*** Dataset section ***

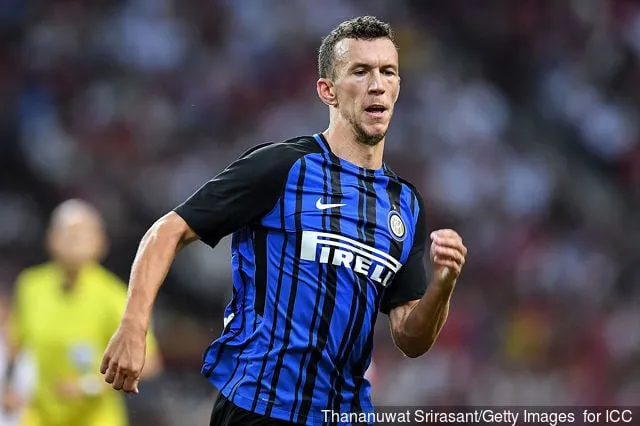 A Wolverhampton Wanderers rajongói reagálnak az Ivan Persichez fűződő kapcsolatokra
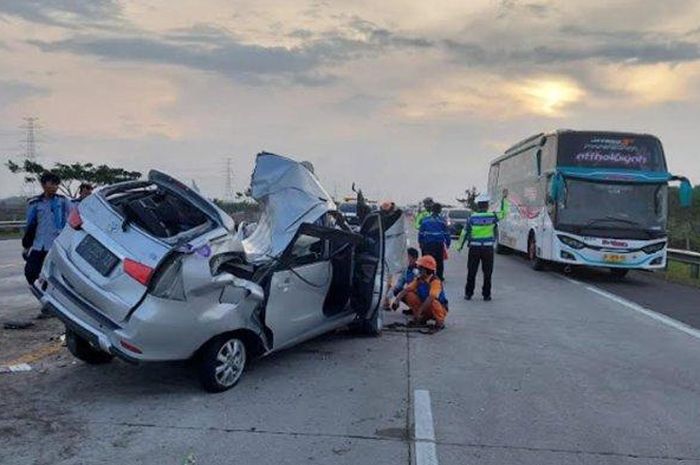 Kondisi Toyota Avanza pecah ban dan menabrak pembatas tengah jalan Tol Trans Jawa, Jumat (24/6/2022) 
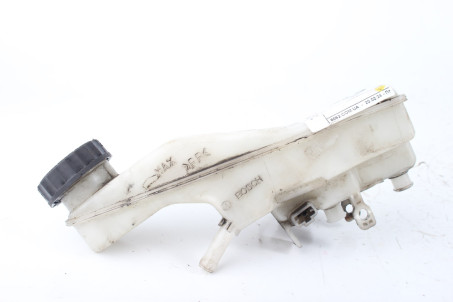 Бачок головного гальмівного циліндра 1.8-2.0 TDI Toyota Corolla Verso 2004-2009 472200F010 (73479)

*** End of Dataset section ***

What the task requires: Pictures stay out. Return exactly the lines from the one with "Kondisi Toyota Avanza" through the last line of the data.

Expected output:
 Kondisi Toyota Avanza pecah ban dan menabrak pembatas tengah jalan Tol Trans Jawa, Jumat (24/6/2022) 
 Бачок головного гальмівного циліндра 1.8-2.0 TDI Toyota Corolla Verso 2004-2009 472200F010 (73479)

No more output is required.